Same deal for WorldMark.  Worse for WorldMark owners, we have no access to RCI for two days, either.  I guess we could call and maybe ongoing searches are still working but for WorldMark owners, we can only exchange in RCI by going through the WorldMark website.  Very frustrating!!!


----------



## CARSTOP2 (May 9, 2012)

*wyndham comupter down*

I ask why Wyndham is going to be down for a couble of days and they told me that they are moving their computer center to a whole new location. That their would be no access for these two days.


----------



## jjmanthei05 (May 9, 2012)

jdunn1 said:


> Same deal for WorldMark.  Worse for WorldMark owners, we have no access to RCI for two days, either.  I guess we could call and maybe ongoing searches are still working but for WorldMark owners, we can only exchange in RCI by going through the WorldMark website.  Very frustrating!!!



Wyndham has the same issue. We go through the website now. And if you don't have the points in there currently no way to get them in there either. 

Jason


----------



## jjmanthei05 (May 9, 2012)

antjmar said:


> I agree. But  FYI its not all their  websites, its  just their *timeshare *website. Their other websites are up and running. (wyndham.com etc...)
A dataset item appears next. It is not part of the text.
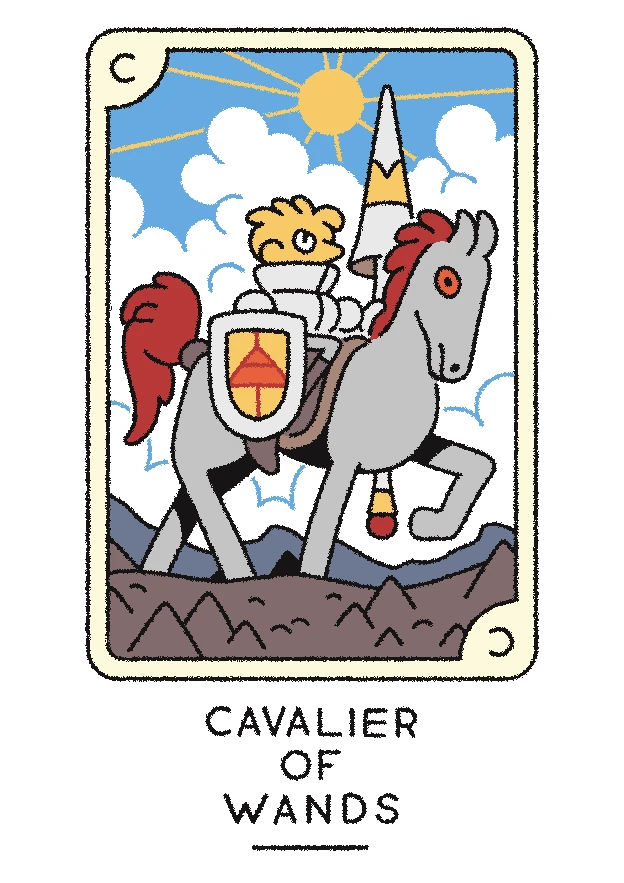 Cavalier of Wands — Joe Sparrow Tarot Cavalier of Wands card from the Joe Sparrow Tarot deck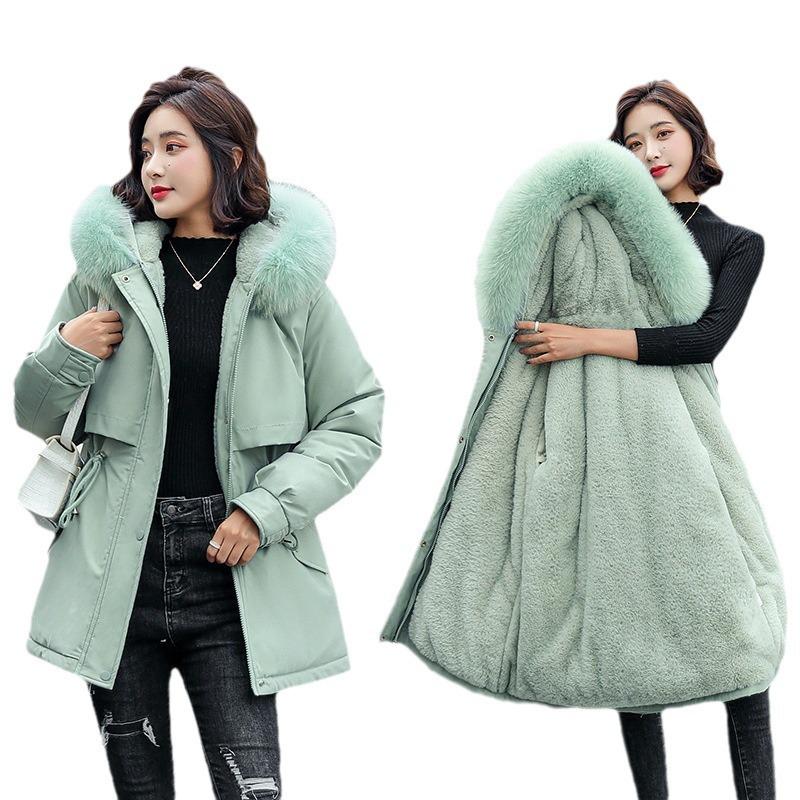 Women's Korean Style Mid-Length Winter Parka: Thick, Loose, Warm, Plus Size Cotton Coat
I know they all aren't down but you would think that something that has over a half million members would have some kind of redundancy. If this is the case we better hope for no flooding or tornadoes or we won't be able to book anything for months.


----------



## DrBopp (May 9, 2012)

Wyndham gave advance notification that the site would be down. What else can they do?

Gordon


----------



## pacodemountainside (May 9, 2012)

jjmanthei05 said:


> I know they all aren't down but you would think that something that has over a half million members would have some kind of redundancy. If this is the case we better hope for no flooding or tornadoes or we won't be able to book anything for months.



Were you around circa  2006 when Fairfield morphed into Wyndham? On line reservation system  went down for about 1 1/2years. Fairfield had laid off tons of telephone VCs and  getting a reservation was a major  time consuming ordeal! 

Actually Wyndham has 500K+ member and WorldMark  around 300K!


----------



## jjmanthei05 (May 9, 2012)

I didn't know both logged into the same website. Is worldmark down as well or just wyndham? 

Jason


----------



## jjmanthei05 (May 9, 2012)

DrBopp said:


> Wyndham gave advance notification that the site would be down. What else can they do?
> 
> Gordon



I know they gave notice that reservations would be unavailable today and tomorrow but to have nothing up seems odd. Actually they do have a generic page up now that says they are down today and tomorrow. 

Jason


----------



## pacodemountainside (May 9, 2012)

jjmanthei05 said:


> I didn't know both logged into the same website. Is worldmark down as well or just wyndham?
> 
> Jason




 Going by post #6 below! 



Same deal for WorldMark. Worse for WorldMark owners, we have no access to RCI for two days, either. I guess we could call and maybe ongoing searches are still working but for WorldMark owners, we can only exchange in RCI by going through the WorldMark website. Very frustrating!!!


----------



## siesta (May 10, 2012)

Now when you go to the site, it has a maint. page that says it is down for maint. and will return 5/11


----------



## ronparise (May 10, 2012)

jdunn1 said:


> Same deal for WorldMark.  Worse for WorldMark owners, we have no access to RCI for two days, either.  I guess we could call and maybe ongoing searches are still working but for WorldMark owners, we can only exchange in RCI by going through the WorldMark website.  Very frustrating!!!



Wyndham owners access rci through a wyndham portal too, but I can still log into rci directly to see and work with my non wyndham deposits, and to see whats available to exchange into....and I can still call the Wyndham desk at rci


----------



## Bourne (May 10, 2012)

DrBopp said:


> Wyndham gave advance notification that the site would be down. What else can they do?
> 
> Gordon



 Have a decent Disaster Recovery plan. Every major corp woke up after 9/11 and implemented one. 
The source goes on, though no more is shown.